**Recorded data:**

>>>

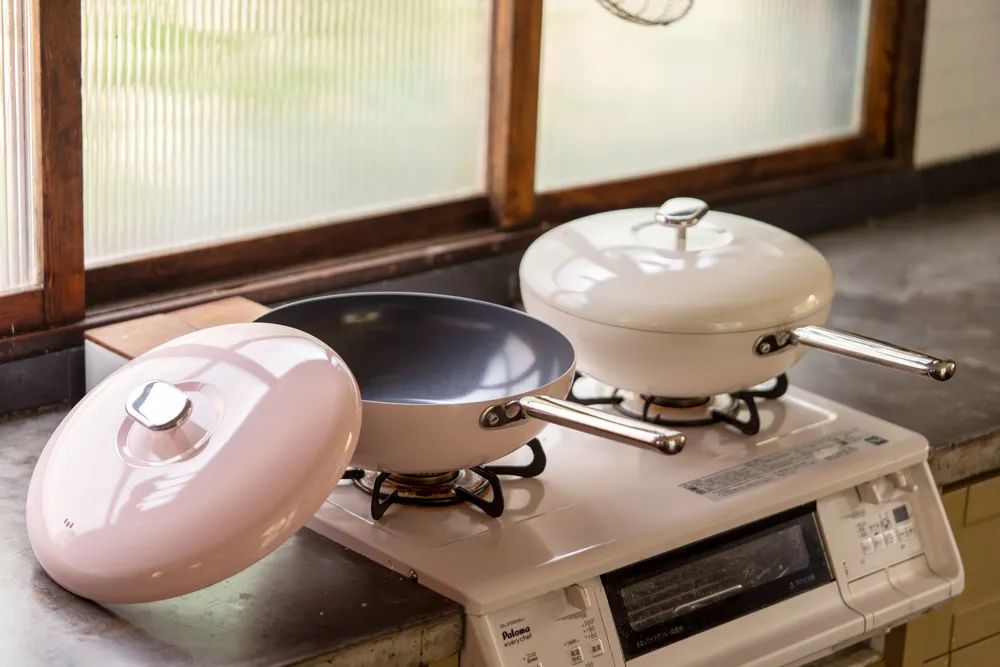 Egg pancake cooking demonstration in non-stick wok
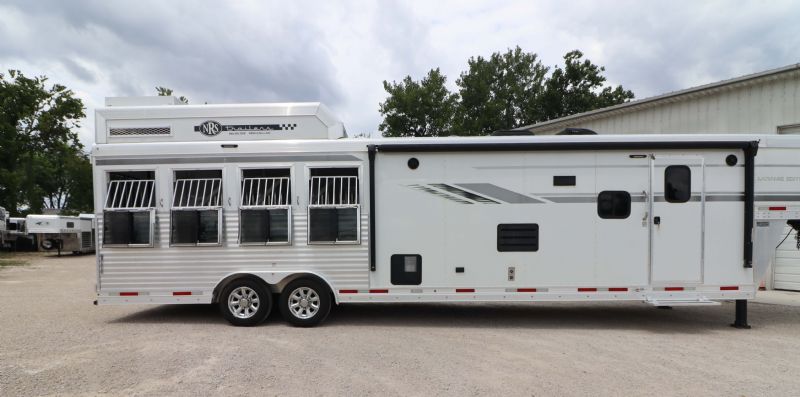 Used Horse Trailers for Sale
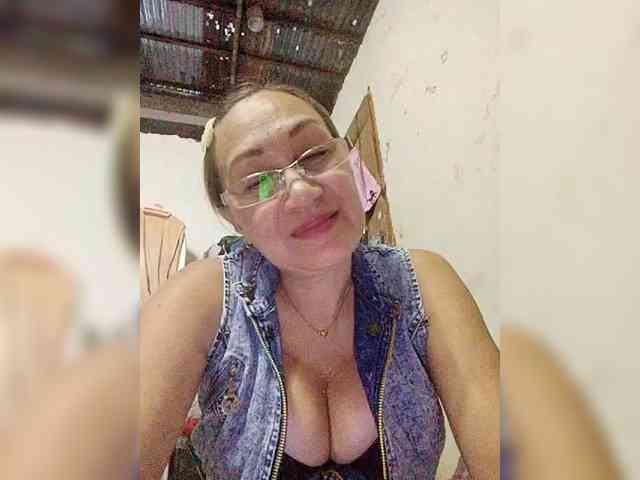 cherrywhite03 webcam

<<<

**What you are asked to do:** Restate the listing word for word, pictures excluded.

**Finished exercise:**
 Egg pancake cooking demonstration in non-stick wok
 Used Horse Trailers for Sale
 cherrywhite03 webcam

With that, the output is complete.